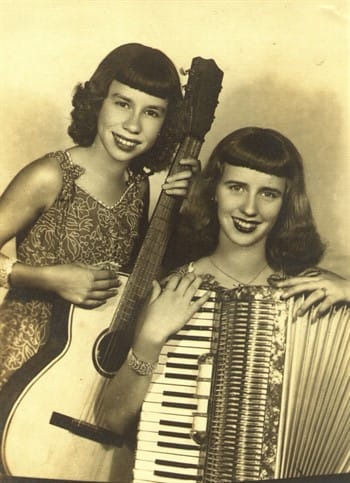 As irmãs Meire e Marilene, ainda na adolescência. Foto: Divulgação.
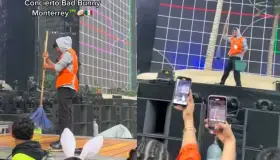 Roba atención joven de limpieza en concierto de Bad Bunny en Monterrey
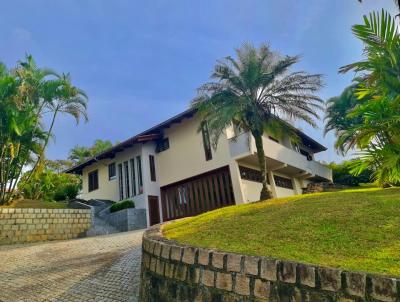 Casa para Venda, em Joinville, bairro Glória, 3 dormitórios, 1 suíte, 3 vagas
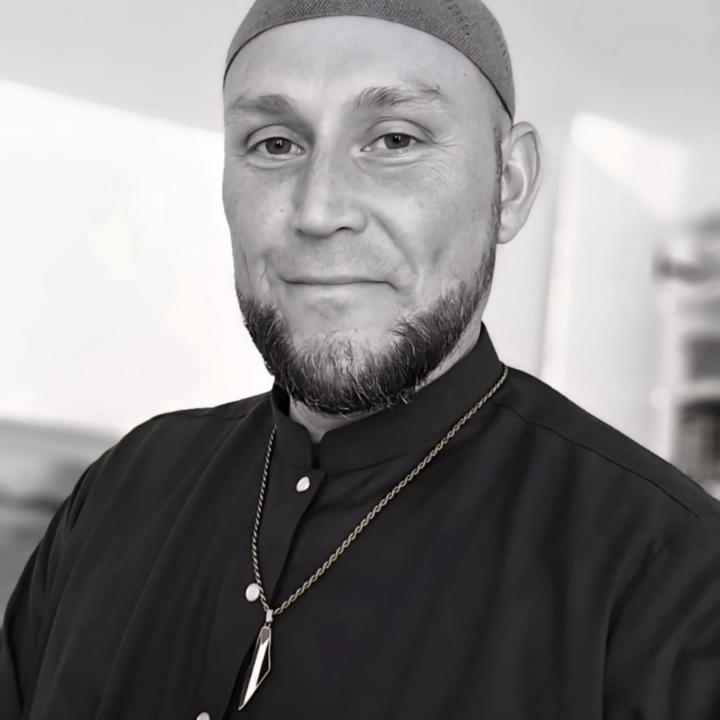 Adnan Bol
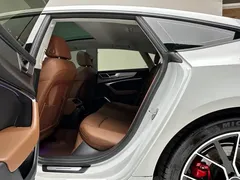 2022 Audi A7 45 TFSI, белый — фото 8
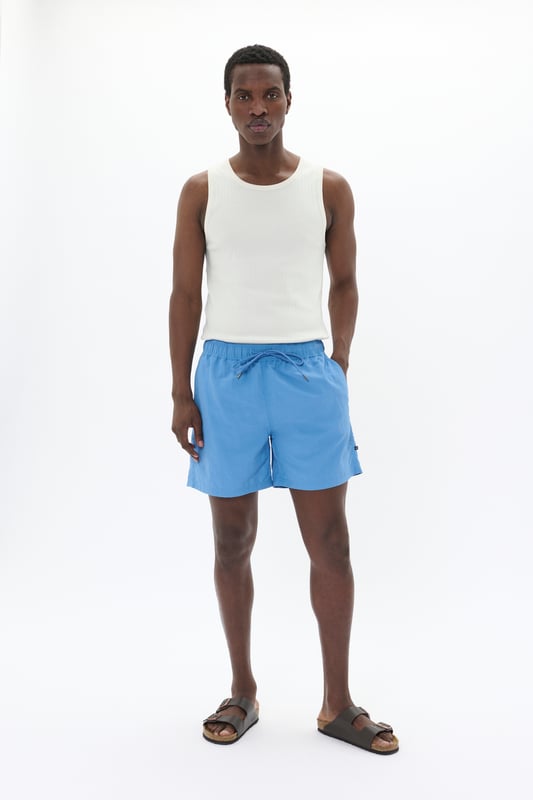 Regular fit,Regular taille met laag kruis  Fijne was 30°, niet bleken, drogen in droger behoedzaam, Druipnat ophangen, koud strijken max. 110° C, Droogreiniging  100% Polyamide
==
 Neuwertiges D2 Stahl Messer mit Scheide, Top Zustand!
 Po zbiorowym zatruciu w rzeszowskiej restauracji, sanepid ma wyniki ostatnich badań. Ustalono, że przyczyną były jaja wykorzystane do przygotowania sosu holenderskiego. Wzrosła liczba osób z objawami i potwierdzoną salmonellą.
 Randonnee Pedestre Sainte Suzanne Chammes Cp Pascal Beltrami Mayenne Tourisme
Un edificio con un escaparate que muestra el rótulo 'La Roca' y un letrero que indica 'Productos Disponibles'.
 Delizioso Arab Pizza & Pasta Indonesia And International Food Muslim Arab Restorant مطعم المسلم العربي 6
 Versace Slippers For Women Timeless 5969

Exercise directions ::
From the entries above, write out only the lines starting at the line that holds "Randonnee Pedestre Sainte" and ending at the line that holds "Versace Slippers For Women Timeless 5969", keeping both and matching them exactly.

Exercise answer ::
 Randonnee Pedestre Sainte Suzanne Chammes Cp Pascal Beltrami Mayenne Tourisme
Un edificio con un escaparate que muestra el rótulo 'La Roca' y un letrero que indica 'Productos Disponibles'.
 Delizioso Arab Pizza & Pasta Indonesia And International Food Muslim Arab Restorant مطعم المسلم العربي 6
 Versace Slippers For Women Timeless 5969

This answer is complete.